It’s tempting. More tempting than I want to admit.
Some people might agree to that life, to the absence of pain. I wouldn’t blame them. Not one bit.
But I have always pushed against the boundaries that were set for me, even when it hurt. And since I met Heathcliff, I have fully come to life. Staying blanketed and protected inside Cernunnos would mean giving up all freedom—giving up the beautiful anguish of being human, the aching joy of experiencing the world with Heathcliff. Whatever pain I have to endure, no existence could be satisfying withouthim.
“My life has been wretched at times,” I say. “But it’s mine, and I’ll be damned if I let you have it.”
I feel the surge of Cernunnos’s anger. But I’m awake again. I’m not a cringing little soul in the back of his mind or a drugged sleeper in Aunt Nellie’s guest room. No matter how much it hurts, I won’t dull this pain. I will take it like a woman, like a fucking goddess, and I’ll get past it, like I always have. Maybe I’ll die doing it—maybe the pieces of me are separated beyond repair—but death is better than prison. All I care about is Heathcliff,alive…and myself, mistress of my own fate.
I swallowed a god, and I can spit him back out.
My consciousness expands, and I find my eyes, my mouth, my voice. Two words. “I’m ready.”
Daisy hears me, and she smiles, showing her fangs.
Above the wind, above the thunder of Cernunnos’s protests, above Heathcliff’s roar of defiance and the snarling of the vampires, I hear Daisy’s voice, clear as a bell. “Baz, time to sign off!”
“Got it!” Baz shouts back without looking up from her tablet.
“I have died a hundred deaths before this one.” My voice is mine, but it’s blended with Cernunnos’s deep tones as he fights for control. “I know you, and I do not fear you. This is my body, not yours. My will, not yours. I no longer consent to your presence here.”
Cernunnos hisses, our shared body rising taller, shadows condensing into a dozen more arms, antlers expanding. But I can feel something else now—another will, separate from mine or his, tugging at him. Drawing out his spirit.
The god panics.
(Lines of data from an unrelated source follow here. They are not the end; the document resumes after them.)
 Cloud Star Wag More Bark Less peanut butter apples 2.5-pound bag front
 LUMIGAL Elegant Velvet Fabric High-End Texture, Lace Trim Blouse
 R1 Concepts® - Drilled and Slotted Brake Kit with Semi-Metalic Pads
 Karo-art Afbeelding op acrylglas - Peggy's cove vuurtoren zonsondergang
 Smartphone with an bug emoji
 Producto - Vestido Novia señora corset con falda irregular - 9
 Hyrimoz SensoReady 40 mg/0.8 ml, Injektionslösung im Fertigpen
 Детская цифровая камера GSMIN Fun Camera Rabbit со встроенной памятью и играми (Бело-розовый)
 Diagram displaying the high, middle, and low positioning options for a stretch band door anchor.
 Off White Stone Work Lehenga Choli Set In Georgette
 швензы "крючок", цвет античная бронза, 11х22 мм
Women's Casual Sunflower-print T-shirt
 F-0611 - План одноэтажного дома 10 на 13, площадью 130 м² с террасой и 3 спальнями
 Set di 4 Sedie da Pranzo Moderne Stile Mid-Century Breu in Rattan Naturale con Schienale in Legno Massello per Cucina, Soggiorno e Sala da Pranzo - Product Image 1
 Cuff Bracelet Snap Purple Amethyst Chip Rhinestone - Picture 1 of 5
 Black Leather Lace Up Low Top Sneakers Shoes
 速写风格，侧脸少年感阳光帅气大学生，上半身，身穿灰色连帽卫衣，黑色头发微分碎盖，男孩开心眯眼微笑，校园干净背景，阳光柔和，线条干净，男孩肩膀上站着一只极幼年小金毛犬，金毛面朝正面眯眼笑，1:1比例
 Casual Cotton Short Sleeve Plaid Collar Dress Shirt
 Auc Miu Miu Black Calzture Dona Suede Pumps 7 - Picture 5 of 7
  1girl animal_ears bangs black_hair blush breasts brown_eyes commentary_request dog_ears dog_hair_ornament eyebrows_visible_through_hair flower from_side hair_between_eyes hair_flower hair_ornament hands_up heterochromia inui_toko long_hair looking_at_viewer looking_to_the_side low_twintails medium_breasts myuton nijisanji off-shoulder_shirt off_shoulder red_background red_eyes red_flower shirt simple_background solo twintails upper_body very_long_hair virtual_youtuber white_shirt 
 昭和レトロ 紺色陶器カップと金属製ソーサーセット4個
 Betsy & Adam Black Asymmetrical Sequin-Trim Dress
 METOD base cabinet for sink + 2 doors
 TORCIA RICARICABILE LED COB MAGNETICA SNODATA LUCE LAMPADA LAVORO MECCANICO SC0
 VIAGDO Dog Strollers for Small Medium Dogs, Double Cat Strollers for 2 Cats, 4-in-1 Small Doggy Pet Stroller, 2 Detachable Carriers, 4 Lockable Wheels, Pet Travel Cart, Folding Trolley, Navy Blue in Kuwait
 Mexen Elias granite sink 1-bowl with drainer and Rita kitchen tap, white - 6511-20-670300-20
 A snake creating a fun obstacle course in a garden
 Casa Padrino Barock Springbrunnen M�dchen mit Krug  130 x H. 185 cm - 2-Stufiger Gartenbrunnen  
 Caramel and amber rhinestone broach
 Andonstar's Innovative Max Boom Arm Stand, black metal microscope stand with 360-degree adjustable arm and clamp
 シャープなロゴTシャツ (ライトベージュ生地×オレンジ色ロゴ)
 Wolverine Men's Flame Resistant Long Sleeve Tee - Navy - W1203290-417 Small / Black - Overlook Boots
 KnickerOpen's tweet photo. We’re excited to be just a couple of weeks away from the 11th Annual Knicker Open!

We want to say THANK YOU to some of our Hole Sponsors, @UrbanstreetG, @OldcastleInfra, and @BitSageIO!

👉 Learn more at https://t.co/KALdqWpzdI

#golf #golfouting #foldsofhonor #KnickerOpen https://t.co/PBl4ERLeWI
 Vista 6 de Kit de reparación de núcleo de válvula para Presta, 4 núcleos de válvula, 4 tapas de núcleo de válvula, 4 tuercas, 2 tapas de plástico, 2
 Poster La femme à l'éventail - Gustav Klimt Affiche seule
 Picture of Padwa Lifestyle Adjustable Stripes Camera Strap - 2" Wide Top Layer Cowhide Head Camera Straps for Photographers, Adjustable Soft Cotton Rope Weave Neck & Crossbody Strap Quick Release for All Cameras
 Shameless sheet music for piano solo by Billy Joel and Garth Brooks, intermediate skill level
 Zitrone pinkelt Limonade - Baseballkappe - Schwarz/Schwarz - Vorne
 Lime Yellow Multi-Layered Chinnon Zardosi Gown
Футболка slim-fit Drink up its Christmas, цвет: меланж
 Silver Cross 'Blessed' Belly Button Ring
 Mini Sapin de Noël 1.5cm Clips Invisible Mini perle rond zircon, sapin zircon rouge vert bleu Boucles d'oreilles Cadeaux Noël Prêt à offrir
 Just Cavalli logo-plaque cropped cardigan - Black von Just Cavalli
Wrenches control back from me, bellows, “No!” and sends everything he’s got toward Baz in one destructive maelstrom.
Gatsby takes a clawed fist straight to the gut. It punches right through him, then yanks back, leaving a gaping hole in his stomach.
He chokes and staggers, collapsing into the aisle.
Daisy screams and falls to her knees beside him. She rips at her own wrist, then shoves her bloodied arm desperately against his mouth.
Vines coil around the other two vampires, binding them together. They’re lifted higher, higher, while the vines constrict their bodies.
I know what’s going to happen, but I can’t stop it.
For a moment the two men struggle pointlessly in midair—and then the red-haired one yields, relaxing his body. He leans in and kisses the other man, fangs and all.
“Don’t give up, Nick,” shouts the black-haired one, still writhing and bucking—but the redhead gasps brokenly, “Cody. Cody, it’s all right.”
Then something snaps inside him, and his eyes go vacant, startled. Cody gives a yell of anguish, but his cry is choked off by another snap as his own spine breaks.
Cernunnos isn’t satisfied. He smashes them against the pews over and over. Wood splinters, more bones crack, and there’s a wet sound of flesh being pounded into pulp.
Heathcliff yells, charges toward me, toward Cernunnos. I can see the god reaching four clawed hands, can feel his intent to shred Heathcliff’s flesh from his bones. And I can’t stop it in time.
But Dorian gets there first. Throws himself in front of Heathcliff.
All the claws of those four arms sink into Dorian’s body. His face goes perfectly still, and in that instant, he looks innocently, pitifully young. Blood trickles from his mouth.
Heathcliff seizes two of the god-arms, rips them in half before they can whip outward and tear Dorian apart. With a scream of defiance, I struggle to control the other two limbs, but they’re not part of me. They’re shadow-limbs of Cernunnos, and I’m not fully in control of him yet.
Blood jets across the pews as the other two arms jerk out of Dorian’s body, slashing him in the process. He falls out of my sight line, shrouded in shadows.
Heathcliff is left standing, his hands and robes dripping red. He is Baz’s last defense.
She hasn’t taken her eyes from her drawing, but her shoulders are shaking, and a broken sob echoes through the church, which has fallen suddenly, strangely quiet.
“It’s over,” says Cernunnos aloud. Wings of shadow expand from his shoulders and curve along the sides of the church, blotting out the light from the narrow windows, covering the lamps. The only illumination streams in pale, translucent rays from the doorway of the sanctuary, lancing around Heathcliff and turning him into a dark silhouette.